--- Listed records Enclosed Below ---

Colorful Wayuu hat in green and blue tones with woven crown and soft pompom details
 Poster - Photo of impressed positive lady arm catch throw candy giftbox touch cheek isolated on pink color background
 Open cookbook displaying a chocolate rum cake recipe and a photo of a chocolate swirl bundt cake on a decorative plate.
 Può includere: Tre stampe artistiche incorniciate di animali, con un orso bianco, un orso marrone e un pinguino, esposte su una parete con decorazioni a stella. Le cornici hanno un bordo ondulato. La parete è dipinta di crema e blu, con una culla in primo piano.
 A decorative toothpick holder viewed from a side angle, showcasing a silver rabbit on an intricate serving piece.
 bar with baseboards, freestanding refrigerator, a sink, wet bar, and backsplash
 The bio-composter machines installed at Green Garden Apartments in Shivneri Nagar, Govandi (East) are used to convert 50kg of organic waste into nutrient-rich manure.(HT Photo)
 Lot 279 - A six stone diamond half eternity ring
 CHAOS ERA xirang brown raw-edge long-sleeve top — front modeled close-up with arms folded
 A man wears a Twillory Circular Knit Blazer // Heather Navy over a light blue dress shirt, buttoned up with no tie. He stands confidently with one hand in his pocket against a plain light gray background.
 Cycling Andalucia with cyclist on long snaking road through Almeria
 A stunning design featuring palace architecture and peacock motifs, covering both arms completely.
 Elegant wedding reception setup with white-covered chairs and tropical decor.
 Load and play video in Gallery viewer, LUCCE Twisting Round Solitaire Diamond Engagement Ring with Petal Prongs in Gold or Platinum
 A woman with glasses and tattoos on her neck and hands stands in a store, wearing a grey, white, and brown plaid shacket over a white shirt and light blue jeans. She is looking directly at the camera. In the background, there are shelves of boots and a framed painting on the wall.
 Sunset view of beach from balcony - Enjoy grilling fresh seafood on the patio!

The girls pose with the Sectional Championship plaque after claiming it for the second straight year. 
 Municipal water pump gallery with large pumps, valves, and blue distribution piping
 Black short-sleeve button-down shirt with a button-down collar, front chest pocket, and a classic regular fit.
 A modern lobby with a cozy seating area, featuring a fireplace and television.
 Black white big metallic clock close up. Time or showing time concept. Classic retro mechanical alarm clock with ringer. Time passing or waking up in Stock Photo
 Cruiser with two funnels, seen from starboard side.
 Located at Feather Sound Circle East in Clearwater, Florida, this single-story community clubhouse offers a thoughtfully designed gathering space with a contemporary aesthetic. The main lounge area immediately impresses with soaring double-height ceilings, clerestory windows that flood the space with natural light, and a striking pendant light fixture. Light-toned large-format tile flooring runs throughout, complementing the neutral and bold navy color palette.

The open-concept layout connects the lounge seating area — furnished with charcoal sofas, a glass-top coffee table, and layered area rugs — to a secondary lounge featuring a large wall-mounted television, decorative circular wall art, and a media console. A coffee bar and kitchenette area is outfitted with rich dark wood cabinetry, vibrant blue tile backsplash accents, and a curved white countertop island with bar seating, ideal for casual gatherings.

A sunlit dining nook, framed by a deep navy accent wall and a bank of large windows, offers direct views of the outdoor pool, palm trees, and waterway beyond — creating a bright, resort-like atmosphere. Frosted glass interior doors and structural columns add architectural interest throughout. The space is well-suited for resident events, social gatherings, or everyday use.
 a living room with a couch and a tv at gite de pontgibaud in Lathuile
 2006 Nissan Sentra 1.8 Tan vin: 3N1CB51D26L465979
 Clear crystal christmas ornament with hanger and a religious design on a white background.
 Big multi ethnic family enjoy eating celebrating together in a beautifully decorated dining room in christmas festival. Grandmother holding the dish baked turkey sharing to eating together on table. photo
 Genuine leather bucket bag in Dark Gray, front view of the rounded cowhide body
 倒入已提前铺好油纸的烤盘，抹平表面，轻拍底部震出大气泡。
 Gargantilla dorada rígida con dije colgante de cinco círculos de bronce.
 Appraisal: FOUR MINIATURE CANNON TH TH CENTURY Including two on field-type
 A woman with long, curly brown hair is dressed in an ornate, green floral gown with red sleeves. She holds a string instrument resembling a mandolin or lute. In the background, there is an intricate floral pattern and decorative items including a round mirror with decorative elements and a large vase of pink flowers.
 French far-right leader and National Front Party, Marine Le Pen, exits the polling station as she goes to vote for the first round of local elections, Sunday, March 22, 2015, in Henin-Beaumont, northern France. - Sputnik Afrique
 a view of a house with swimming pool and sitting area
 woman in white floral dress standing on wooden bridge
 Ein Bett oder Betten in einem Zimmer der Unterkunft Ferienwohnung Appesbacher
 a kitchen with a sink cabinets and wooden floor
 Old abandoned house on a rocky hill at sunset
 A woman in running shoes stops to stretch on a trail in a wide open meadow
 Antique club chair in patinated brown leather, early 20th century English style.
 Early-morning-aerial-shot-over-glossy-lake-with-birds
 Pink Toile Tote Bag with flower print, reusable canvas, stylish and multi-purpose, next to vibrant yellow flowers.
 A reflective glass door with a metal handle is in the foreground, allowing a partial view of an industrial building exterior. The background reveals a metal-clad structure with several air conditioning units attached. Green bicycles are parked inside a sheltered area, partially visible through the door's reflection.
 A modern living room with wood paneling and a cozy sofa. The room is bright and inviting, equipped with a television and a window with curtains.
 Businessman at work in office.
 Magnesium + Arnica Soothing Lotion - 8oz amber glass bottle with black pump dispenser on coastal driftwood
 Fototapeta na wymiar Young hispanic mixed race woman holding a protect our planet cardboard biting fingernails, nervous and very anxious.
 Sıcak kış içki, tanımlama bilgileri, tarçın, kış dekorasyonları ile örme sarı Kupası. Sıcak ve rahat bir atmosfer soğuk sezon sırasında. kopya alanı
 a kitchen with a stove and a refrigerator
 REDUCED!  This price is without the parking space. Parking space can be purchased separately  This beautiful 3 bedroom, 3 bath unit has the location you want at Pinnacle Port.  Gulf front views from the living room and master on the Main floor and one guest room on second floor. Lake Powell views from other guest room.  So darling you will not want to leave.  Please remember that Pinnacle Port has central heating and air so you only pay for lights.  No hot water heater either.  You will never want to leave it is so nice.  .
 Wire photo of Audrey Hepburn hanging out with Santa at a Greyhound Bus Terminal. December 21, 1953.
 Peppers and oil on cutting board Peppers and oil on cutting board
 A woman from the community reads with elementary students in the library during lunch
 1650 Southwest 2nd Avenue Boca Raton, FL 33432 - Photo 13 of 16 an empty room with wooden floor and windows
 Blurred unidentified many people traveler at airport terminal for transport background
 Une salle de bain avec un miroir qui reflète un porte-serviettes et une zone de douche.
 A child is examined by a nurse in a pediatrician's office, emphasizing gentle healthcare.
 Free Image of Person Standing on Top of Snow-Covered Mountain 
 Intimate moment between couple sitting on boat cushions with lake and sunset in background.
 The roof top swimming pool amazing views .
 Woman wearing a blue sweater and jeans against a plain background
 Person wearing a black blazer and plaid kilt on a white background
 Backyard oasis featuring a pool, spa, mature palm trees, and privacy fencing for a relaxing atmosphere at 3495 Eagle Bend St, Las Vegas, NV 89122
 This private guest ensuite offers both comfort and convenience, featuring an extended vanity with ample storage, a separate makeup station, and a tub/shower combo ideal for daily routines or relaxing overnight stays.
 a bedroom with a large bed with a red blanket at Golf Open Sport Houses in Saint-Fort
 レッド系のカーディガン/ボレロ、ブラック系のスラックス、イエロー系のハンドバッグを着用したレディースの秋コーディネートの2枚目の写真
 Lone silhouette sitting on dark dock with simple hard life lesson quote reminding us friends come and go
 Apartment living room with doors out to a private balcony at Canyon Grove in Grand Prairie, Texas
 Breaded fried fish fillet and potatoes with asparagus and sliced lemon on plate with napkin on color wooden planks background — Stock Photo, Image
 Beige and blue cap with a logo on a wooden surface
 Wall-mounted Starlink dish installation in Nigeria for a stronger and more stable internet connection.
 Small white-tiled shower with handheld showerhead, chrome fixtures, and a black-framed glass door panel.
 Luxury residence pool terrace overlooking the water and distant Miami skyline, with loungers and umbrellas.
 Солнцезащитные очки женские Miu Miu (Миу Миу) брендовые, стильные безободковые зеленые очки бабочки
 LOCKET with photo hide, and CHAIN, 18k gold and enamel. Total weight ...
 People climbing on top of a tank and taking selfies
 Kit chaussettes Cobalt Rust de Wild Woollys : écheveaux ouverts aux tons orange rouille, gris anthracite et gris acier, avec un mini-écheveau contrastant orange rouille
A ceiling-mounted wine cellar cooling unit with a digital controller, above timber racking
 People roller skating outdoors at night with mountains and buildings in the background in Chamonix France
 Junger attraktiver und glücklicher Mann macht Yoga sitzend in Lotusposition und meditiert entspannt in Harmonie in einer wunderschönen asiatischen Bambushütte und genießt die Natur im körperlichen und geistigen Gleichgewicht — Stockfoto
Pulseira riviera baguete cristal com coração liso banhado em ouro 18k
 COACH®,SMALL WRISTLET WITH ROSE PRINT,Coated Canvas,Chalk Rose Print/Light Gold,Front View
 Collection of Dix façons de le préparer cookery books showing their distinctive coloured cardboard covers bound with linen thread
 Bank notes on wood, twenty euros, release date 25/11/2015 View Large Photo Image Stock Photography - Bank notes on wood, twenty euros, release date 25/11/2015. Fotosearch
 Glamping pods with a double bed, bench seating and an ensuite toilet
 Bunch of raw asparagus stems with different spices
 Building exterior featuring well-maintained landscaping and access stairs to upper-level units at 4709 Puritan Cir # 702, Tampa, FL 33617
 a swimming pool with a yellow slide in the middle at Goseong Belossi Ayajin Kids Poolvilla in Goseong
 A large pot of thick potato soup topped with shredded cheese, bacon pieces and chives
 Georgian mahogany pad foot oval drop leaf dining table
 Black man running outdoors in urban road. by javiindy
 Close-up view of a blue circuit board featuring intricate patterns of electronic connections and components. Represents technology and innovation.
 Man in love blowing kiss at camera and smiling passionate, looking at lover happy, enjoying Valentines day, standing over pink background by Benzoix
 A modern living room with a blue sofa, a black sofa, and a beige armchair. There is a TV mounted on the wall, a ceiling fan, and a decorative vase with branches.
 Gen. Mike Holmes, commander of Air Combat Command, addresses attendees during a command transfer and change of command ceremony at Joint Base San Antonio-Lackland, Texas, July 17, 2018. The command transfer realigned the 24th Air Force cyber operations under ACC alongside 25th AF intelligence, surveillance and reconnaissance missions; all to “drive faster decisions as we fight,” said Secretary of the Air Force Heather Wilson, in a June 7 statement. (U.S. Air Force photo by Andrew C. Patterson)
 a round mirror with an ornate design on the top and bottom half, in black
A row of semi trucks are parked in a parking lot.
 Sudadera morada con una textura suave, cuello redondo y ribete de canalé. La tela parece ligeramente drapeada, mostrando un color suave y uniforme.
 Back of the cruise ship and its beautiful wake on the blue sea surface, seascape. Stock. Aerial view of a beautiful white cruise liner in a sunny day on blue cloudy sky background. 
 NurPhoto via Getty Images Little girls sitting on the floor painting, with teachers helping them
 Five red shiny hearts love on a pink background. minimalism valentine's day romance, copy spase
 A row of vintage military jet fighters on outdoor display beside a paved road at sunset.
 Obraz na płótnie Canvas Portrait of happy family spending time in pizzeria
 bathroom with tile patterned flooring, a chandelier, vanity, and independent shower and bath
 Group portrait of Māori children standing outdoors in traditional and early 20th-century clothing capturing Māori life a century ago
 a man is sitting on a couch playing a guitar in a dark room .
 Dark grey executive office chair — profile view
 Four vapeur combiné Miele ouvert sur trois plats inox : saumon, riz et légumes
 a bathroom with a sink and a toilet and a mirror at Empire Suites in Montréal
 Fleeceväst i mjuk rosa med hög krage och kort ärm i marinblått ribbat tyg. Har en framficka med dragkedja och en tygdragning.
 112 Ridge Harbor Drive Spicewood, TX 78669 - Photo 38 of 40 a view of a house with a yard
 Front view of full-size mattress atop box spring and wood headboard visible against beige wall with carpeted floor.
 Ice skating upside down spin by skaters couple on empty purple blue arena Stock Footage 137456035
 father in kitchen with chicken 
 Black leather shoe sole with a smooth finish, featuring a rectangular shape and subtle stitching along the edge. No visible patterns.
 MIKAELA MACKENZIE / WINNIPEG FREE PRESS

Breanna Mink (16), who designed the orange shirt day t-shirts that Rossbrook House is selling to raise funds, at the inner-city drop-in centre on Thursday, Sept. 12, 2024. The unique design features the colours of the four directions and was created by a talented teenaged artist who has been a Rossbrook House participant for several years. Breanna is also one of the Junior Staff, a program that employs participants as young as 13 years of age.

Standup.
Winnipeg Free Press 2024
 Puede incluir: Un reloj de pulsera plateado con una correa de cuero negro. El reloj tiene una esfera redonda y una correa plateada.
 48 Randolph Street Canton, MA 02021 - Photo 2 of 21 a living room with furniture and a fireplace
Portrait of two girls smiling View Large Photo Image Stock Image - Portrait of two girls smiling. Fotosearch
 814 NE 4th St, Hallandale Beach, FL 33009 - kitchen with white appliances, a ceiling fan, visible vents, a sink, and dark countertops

--- End of Enclosed Listed records ---

## [Goal of the exercise]
Select every line in the records above that contains the word "showing".

## [Response]
 Black white big metallic clock close up. Time or showing time concept. Classic retro mechanical alarm clock with ringer. Time passing or waking up in Stock Photo
 Collection of Dix façons de le préparer cookery books showing their distinctive coloured cardboard covers bound with linen thread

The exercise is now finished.